Customer Reviews:
Coping with the Everyday in a Dangerous World August 10, 2008 Graceann Macleod (London, UK) 1 out of 1 found this review helpful
Continuing the thread begun in Hidden Lives, Simon Garfield offers selections from the Mass-Observation Project diaries of five people caught up in the preparations and then the beginning of the infamous Blitz. The uncertainty, the anger, the fear; it's all here and it leaps off of the pages in a way that keeps you turning them. Sometimes the diarists are not particularly likeable - you encounter racism and defeatist attitudes at certain points. But that is something that makes this volume particularly interesting. Knowing that these pages are going to be read by others, the diarists are still painfully honest in their fears and their prejudices. Very enlightening, and highly recommended, especially as a companion volume to Hidden Lives.
Enthralling December 30, 2007 Helena (UK) 6 out of 6 found this review helpful
I read each person's account seperately, as they were becoming muddled in my mind.
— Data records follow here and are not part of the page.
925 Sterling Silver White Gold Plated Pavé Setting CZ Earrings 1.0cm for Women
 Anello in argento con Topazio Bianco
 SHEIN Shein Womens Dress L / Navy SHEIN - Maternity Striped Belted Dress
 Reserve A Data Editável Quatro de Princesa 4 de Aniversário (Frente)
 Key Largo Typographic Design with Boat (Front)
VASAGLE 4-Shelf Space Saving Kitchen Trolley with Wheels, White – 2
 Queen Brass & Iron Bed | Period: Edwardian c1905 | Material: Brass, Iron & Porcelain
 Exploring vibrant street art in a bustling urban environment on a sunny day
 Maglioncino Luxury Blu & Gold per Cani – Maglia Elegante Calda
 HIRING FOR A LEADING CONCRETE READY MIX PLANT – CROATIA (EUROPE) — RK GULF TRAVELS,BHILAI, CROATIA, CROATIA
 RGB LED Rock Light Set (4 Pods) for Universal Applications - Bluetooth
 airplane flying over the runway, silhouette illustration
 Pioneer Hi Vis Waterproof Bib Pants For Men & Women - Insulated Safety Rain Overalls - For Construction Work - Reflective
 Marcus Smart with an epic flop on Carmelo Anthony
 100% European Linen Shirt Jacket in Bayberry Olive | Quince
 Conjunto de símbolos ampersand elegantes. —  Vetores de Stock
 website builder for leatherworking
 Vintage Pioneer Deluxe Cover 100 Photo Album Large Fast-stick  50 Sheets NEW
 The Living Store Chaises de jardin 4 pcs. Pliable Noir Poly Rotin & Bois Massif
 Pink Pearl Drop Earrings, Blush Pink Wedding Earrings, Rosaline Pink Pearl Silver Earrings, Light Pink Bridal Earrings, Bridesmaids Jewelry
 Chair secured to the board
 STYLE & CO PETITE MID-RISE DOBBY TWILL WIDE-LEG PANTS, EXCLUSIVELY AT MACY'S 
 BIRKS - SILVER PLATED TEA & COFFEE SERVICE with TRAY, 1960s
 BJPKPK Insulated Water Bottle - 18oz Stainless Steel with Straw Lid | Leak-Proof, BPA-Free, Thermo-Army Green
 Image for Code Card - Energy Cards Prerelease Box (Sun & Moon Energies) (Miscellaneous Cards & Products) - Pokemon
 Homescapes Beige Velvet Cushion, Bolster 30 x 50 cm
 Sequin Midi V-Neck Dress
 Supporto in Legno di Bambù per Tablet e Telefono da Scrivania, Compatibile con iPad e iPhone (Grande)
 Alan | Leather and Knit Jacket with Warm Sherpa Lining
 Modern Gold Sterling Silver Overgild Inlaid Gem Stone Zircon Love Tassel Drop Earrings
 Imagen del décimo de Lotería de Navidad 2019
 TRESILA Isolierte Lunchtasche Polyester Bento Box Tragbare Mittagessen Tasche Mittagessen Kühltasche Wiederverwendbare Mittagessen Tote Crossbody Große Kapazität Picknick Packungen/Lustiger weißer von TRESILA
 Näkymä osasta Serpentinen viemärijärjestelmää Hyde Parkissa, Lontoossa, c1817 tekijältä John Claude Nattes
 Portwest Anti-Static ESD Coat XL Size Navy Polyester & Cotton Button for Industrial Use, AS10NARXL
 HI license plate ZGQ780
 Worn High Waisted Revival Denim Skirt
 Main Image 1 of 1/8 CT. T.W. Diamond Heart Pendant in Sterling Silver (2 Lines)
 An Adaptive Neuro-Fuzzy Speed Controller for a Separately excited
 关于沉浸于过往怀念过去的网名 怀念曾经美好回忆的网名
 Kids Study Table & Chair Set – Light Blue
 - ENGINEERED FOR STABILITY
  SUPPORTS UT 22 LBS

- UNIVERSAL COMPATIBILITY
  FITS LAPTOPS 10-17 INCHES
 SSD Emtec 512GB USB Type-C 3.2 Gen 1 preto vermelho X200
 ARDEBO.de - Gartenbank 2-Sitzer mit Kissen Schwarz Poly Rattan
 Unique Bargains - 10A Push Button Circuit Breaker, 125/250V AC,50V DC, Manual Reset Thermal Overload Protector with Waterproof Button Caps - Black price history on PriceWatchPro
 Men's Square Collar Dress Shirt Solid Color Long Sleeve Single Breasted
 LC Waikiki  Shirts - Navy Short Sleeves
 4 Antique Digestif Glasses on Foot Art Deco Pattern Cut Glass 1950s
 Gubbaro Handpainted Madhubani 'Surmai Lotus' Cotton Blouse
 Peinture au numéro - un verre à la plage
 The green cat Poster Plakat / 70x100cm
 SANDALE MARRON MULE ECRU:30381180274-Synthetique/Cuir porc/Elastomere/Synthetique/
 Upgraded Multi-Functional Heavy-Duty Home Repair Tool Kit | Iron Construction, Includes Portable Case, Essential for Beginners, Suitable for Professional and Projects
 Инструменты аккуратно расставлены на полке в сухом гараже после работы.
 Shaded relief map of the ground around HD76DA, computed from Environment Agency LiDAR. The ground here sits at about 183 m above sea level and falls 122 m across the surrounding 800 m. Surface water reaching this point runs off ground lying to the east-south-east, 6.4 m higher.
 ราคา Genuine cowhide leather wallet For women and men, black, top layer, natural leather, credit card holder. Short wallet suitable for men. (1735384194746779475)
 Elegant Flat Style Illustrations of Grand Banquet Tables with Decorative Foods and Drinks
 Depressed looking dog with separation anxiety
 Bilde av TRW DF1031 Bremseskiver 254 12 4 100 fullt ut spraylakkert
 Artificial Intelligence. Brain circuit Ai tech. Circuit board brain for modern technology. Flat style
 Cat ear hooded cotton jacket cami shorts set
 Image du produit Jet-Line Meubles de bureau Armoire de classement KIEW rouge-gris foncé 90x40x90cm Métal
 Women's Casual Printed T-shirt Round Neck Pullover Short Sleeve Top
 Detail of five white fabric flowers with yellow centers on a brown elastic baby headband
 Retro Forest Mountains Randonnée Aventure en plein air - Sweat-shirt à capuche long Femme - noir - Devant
I was struck by the differences between four of the diarists and "Eileen Potter". Why was she included I wonder? All the others had fascinating, interesting tales to tell of their ordinary lives. Hers, by comparison was very dull and was also the most incomplete. With the other four I felt I knew them and had a deep interest in how they ended up in life. Reading the four complete diaries was an engrossing experience. How different these people were to each other and how similar they are to people today. Nothing much changes, does it? I see that there is another book just published and I shall be buying that one, too.
Fascinating Glimpse of the Past December 12, 2007 Paul M. Wright (London, UK) 3 out of 3 found this review helpful
Very involving and eye-opening view of the past from the grassroots rather than the usual historical overview. I really got involved with some of the characters' lives and immediately started on 'Our Hidden Lives' when I finished.
A real time-machine! November 28, 2005 D. C. Gowans (UK) 47 out of 48 found this review helpful
The unfolding drama of wartime life is captured faithfully in these first-hand accounts. I wonder what would be the reaction of the diarists to know that in sixty years time their submissions to Mass Observation would be printed and made into a book. I suspect they would secretly be quite pleased that their efforts would be enjoyed by future generations - a kind of immortality. I was particularly moved by Christopher Tomlin's honest descriptions of the struggle to keep his family afloat financially while coping with the anxiety and sleeplessness of incipient invasion. A different world indeed.